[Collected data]
*-*-*

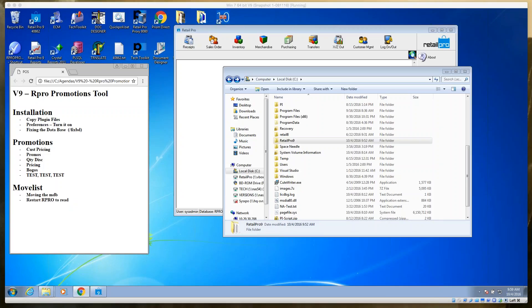Welcome to a Big Hairy Dog webinar on v9 Promotions. My name is Jeff. We'll be walking through the v9 Promotions module. Our agenda covers installation, the promotions tool itself, and how to move it to remote stores.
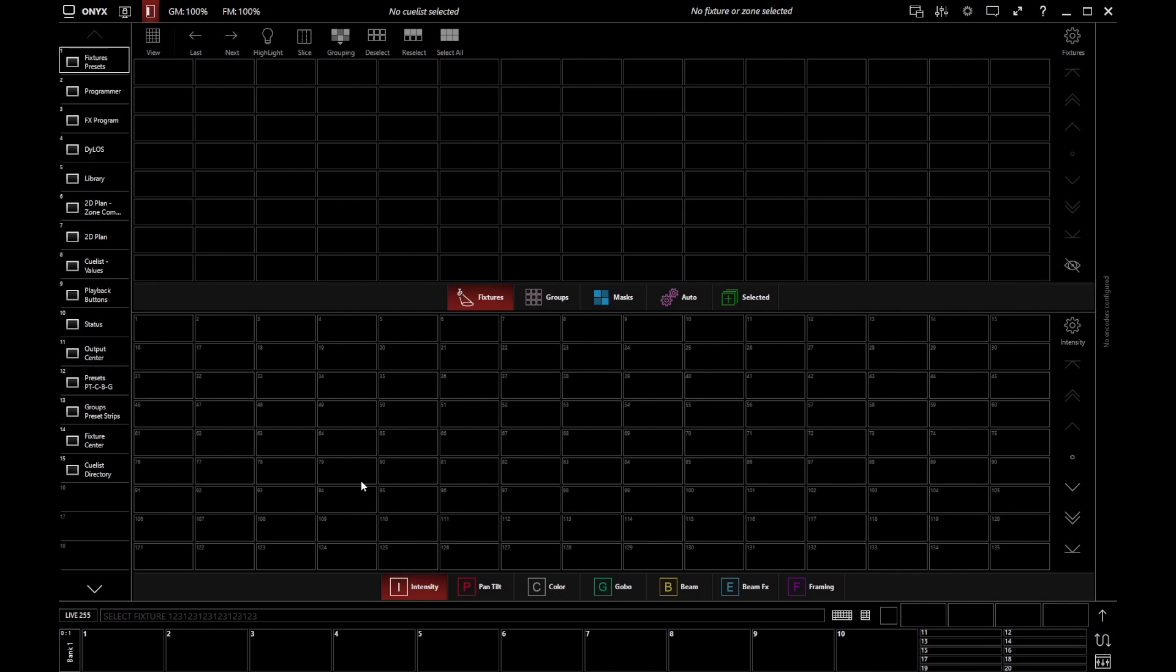Hello, I'm Edward from Obsidian Control Systems. In this video we're going to take a look at patching. Patching is the process of telling the console what lights you've actually got and how you want to control them.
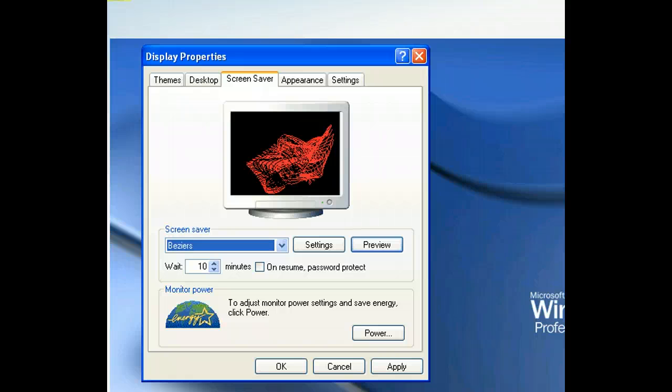The screensaver starts when your computer is idle for the number of minutes specified in the Wait text box. By selecting the number in the Wait text box, you can change the time it takes before the screensaver begins.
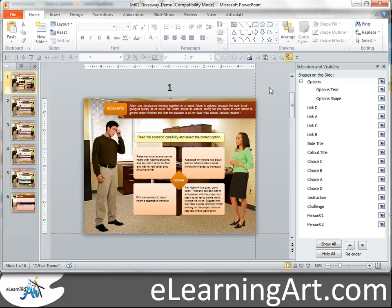This is the third lesson on building character interactions in PowerPoint. If you didn't watch the last one, it's pretty important on the setup — it'll make a lot more sense, and this lesson builds on that. With that said, let's get right into it.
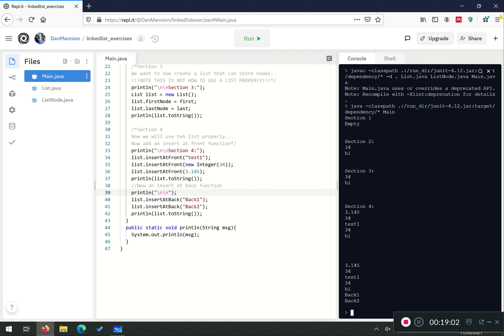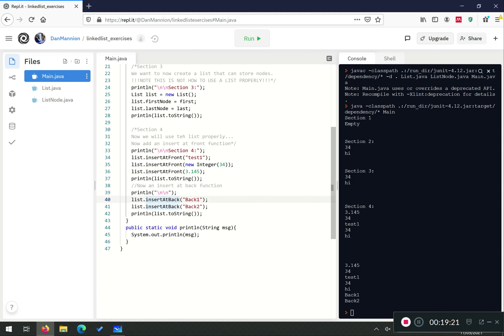We get our previous list — 3.14, 34, test 1, 34, 2.14, high — and then back one and back two appended to the back. Well done! You've implemented a ListNode and a List class with the two important functions: insert at front and insert at back. The remainder of the exercises you should attempt is to implement an ordered list, where instead of inserting at front or back, you have a generic insert function that inserts data in some ordered way — smallest to largest for integers, or alphanumeric order for strings.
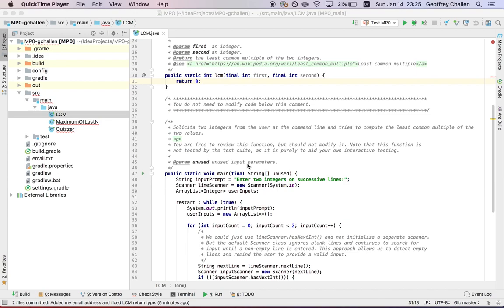So you've acquired the project, you've added your email address to email.txt, you started working, you've been running the autograder, and you've earned some points. So that's great.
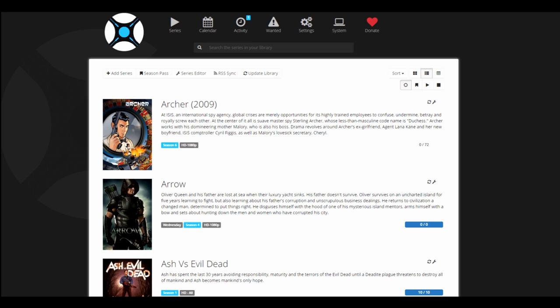I've had a few requests to do this video. This is a tutorial on setting up a program called Sonar to automatically download your TV shows using a torrent client such as uTorrent or Deluge. Before I continue, you need to have prior knowledge of using torrents, how to add torrents, and using a torrent client, as I wouldn't be going through that.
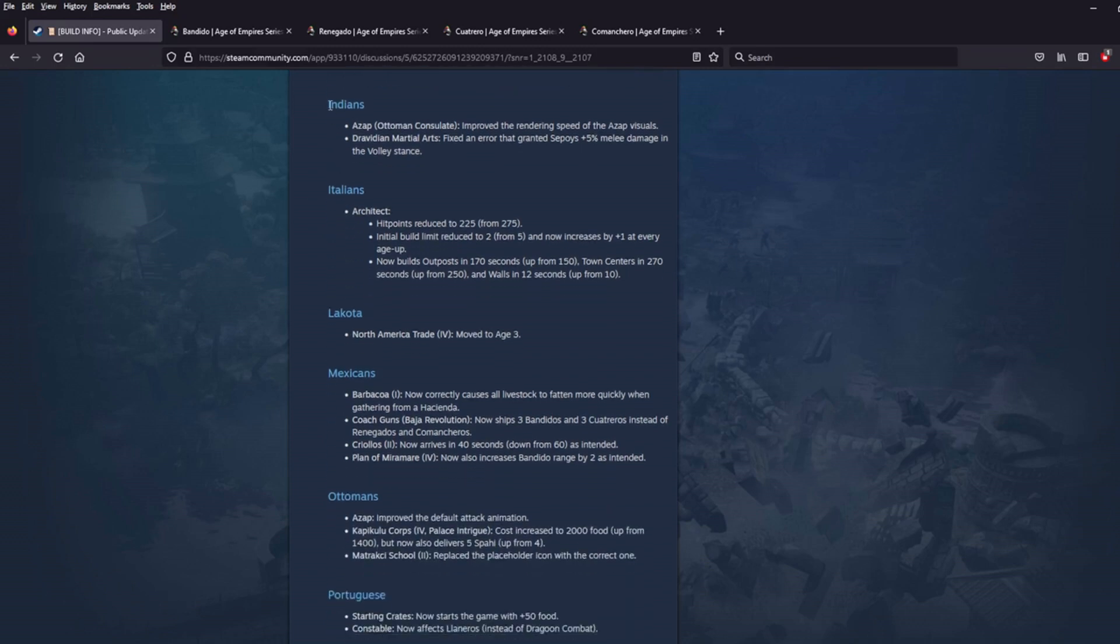The Indians. Azop. Ottoman Consulate. Improved the rendering speed of the visuals. Okay, nice. Dravidian Martial Arts. Fixed an error that granted Sepoy plus 5% melee damage in the Valiant Stands. Okay. Just fixes. Okay.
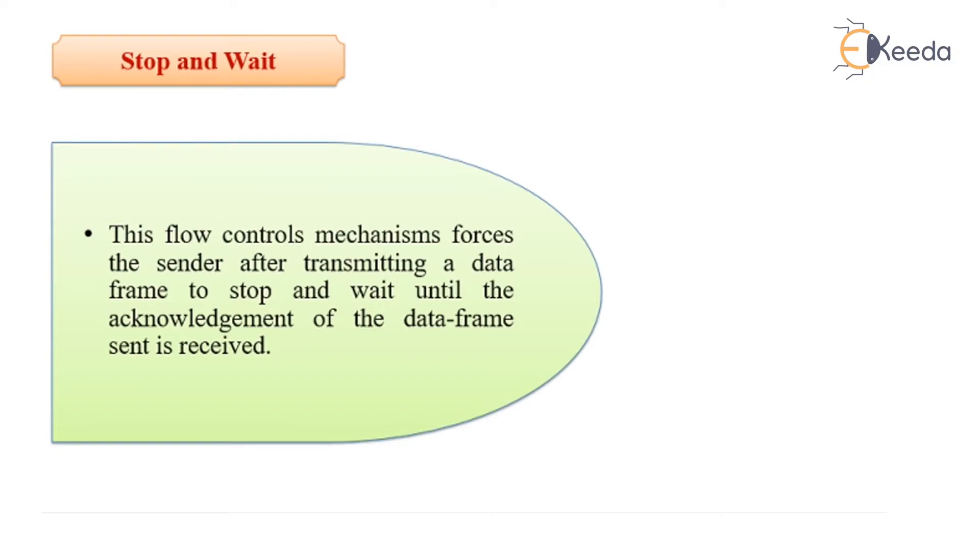That means the sender will send one data frame and wait until the acknowledgement is received. Once the acknowledgement is received only then it will send the next data frame.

*-*-*

ASSIGNMENT ▸ Give every entry again verbatim, with no pictures.

SOLUTION FOR THIS PROBLEM ▸
Welcome to a Big Hairy Dog webinar on v9 Promotions. My name is Jeff. We'll be walking through the v9 Promotions module. Our agenda covers installation, the promotions tool itself, and how to move it to remote stores.
Hello, I'm Edward from Obsidian Control Systems. In this video we're going to take a look at patching. Patching is the process of telling the console what lights you've actually got and how you want to control them.
The screensaver starts when your computer is idle for the number of minutes specified in the Wait text box. By selecting the number in the Wait text box, you can change the time it takes before the screensaver begins.
This is the third lesson on building character interactions in PowerPoint. If you didn't watch the last one, it's pretty important on the setup — it'll make a lot more sense, and this lesson builds on that. With that said, let's get right into it.
We get our previous list — 3.14, 34, test 1, 34, 2.14, high — and then back one and back two appended to the back. Well done! You've implemented a ListNode and a List class with the two important functions: insert at front and insert at back. The remainder of the exercises you should attempt is to implement an ordered list, where instead of inserting at front or back, you have a generic insert function that inserts data in some ordered way — smallest to largest for integers, or alphanumeric order for strings.
So you've acquired the project, you've added your email address to email.txt, you started working, you've been running the autograder, and you've earned some points. So that's great.
I've had a few requests to do this video. This is a tutorial on setting up a program called Sonar to automatically download your TV shows using a torrent client such as uTorrent or Deluge. Before I continue, you need to have prior knowledge of using torrents, how to add torrents, and using a torrent client, as I wouldn't be going through that.
The Indians. Azop. Ottoman Consulate. Improved the rendering speed of the visuals. Okay, nice. Dravidian Martial Arts. Fixed an error that granted Sepoy plus 5% melee damage in the Valiant Stands. Okay. Just fixes. Okay.
That means the sender will send one data frame and wait until the acknowledgement is received. Once the acknowledgement is received only then it will send the next data frame.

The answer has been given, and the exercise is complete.